Small size, good Wi-Fi range, no hard drive = MarkF's dream PC 

The 7" is fine for what I want, the 9" is better but the % increase in purchase cost for the extra 2" was not justifiable, technology eh? The Linux OS is great, I've never had to refer to the instructions and I am none too bright with gadgets. Great fun too, all I have to do is whip it out and everybody wants a look (steady on Jase :lol: ). It is the best technology purchase that I have ever made, it set me free!


----------



## Silver Hawk (Dec 2, 2003)

MarkF said:


> I have an original 7" screen EEE and love it, it has a changed my life, no really  It' s the only "gadget" that I have ever found useful, it goes everywhere with me and I can work on the move, I could never do that with a phone (I've tried) and a laptop was always too big, too heavy and too expensive to worry about. It paid for it's purchase cost every day whilst I was out of the UK. Mine has gone through a lot of abuse, it spent days on the beach in 90F+ heat, picking up the signal from a nearby bar, (In spain, it's wee-fee :lol: ) it fell off my scooter and I got sand in the keyboard but it's still OAK, build quality is good. Personally I would stick with Asus regardless, they broke the mould, shook up the big boys and ended profiteering on "small laptops" by giving people what they needed at a bargain price. Sony and Appple can take a hike!
> 
> Small size, good Wi-Fi range, no hard drive = MarkF's dream PC
> 
> The 7" is fine for what I want, the 9" is better but the % increase in purchase cost for the extra 2" was not justifiable, technology eh? The Linux OS is great, I've never had to refer to the instructions and I am none too bright with gadgets. Great fun too, all I have to do is whip it out and everybody wants a look (steady on Jase :lol: ). It is the best technology purchase that I have ever made, it set me free!

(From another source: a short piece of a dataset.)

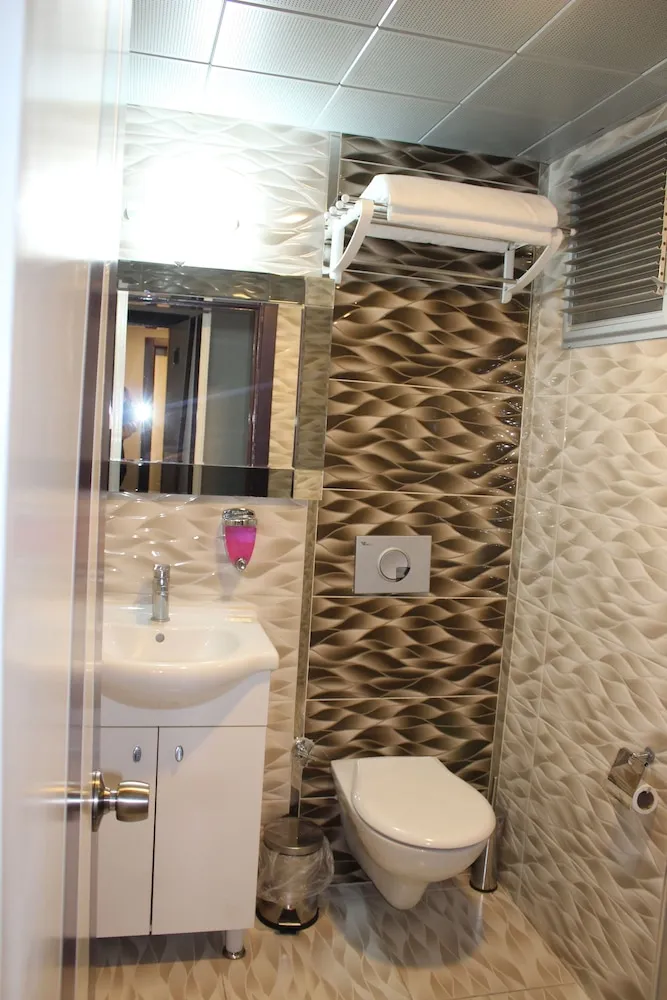 Dört Kişilik Oda, Şehir Manzaralı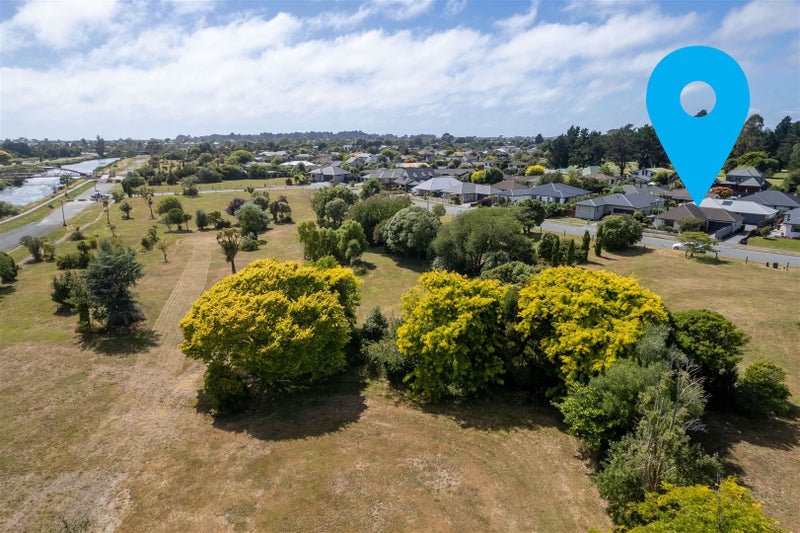 1/6 Chardale Street, Avondale, Christchurch - Carousel 14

I thought you were buying it for your mum? :huh:


----------



## MarkF (Jul 5, 2003)

Silver Hawk said:


> I thought you were buying it for your mum? :huh:


What's this got to do with Julians 10 incher? My mum has my old home PC


----------



## Julian Latham (Jul 25, 2005)

Mark,

I went for the Windows version. Bought as a laptop replacement as it is small enough, & battery time long enough, to take to work and use with my USB 3G roaming broadband gizmo. No need to plug into mains and screen clear in both dull and well light areas. Also overcomes complaints of 'electric spaghetti' when used in the living room.

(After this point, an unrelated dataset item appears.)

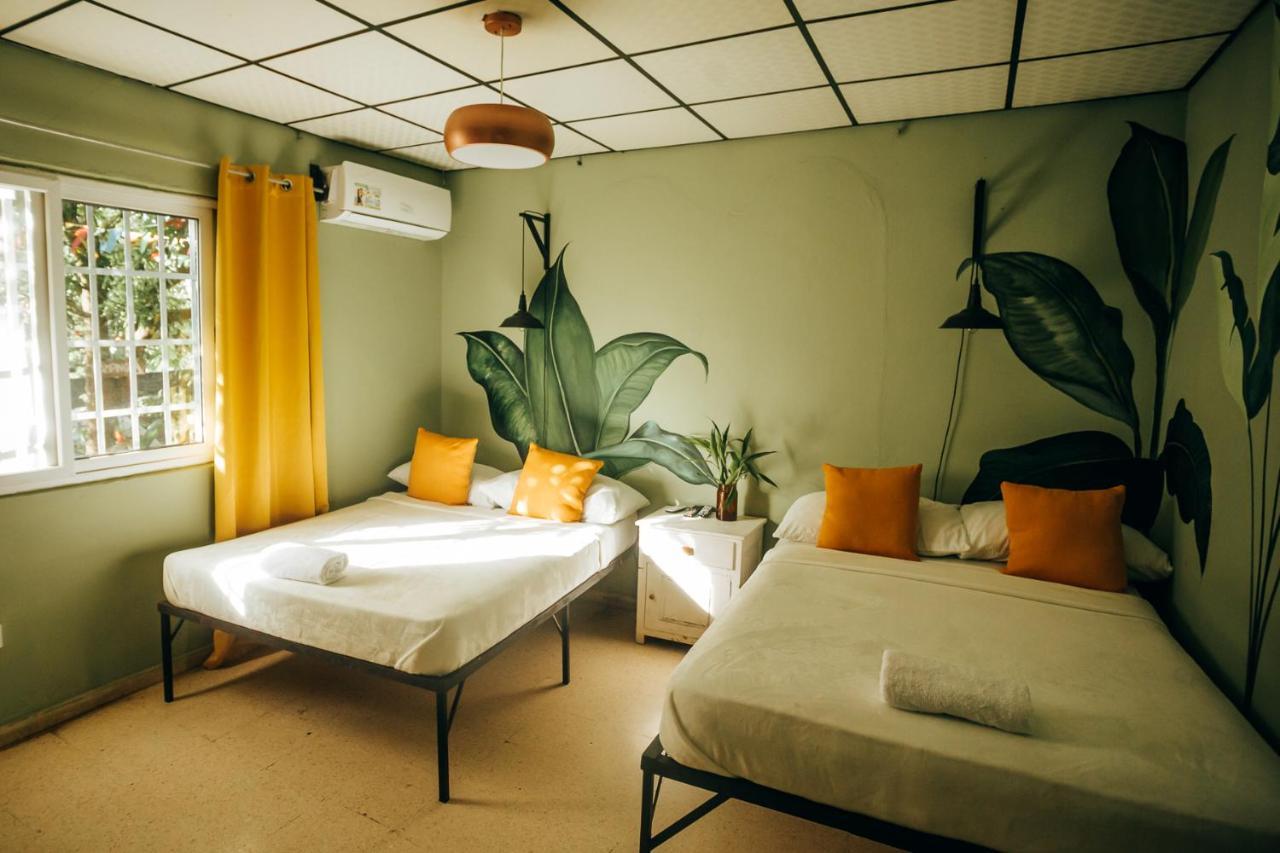 Hostal & Cafe Travelers Santiago Eksteriør billede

Once I have overcome the problem with .avi files it will be the perfect gadget.

Julian (L)


----------



## Silver Hawk (Dec 2, 2003)

MarkF said:


> Silver Hawk said:
> 
> 
> > I thought you were buying it for your mum? :huh:
> ...


Nothing...sorry Julian...I went a little fftopic:



MarkF said:


> Has anybody any opinions or experince of these gadgets? Laptop
> 
> They seem unbelievable value, my mum wants a laptop and I was thinking of getting her one of these for Christmas. I am not cheap (I am, I am) but a normal laptop is wasted on her, she just uses her PC for browsing and keeping in touch with family.


----------



## langtoftlad (Mar 31, 2007)

Try smplayer or vlc - pretty much play everything

check out eeepc forum for some good suggestions for small but powerful applications ideally suited to the Asus...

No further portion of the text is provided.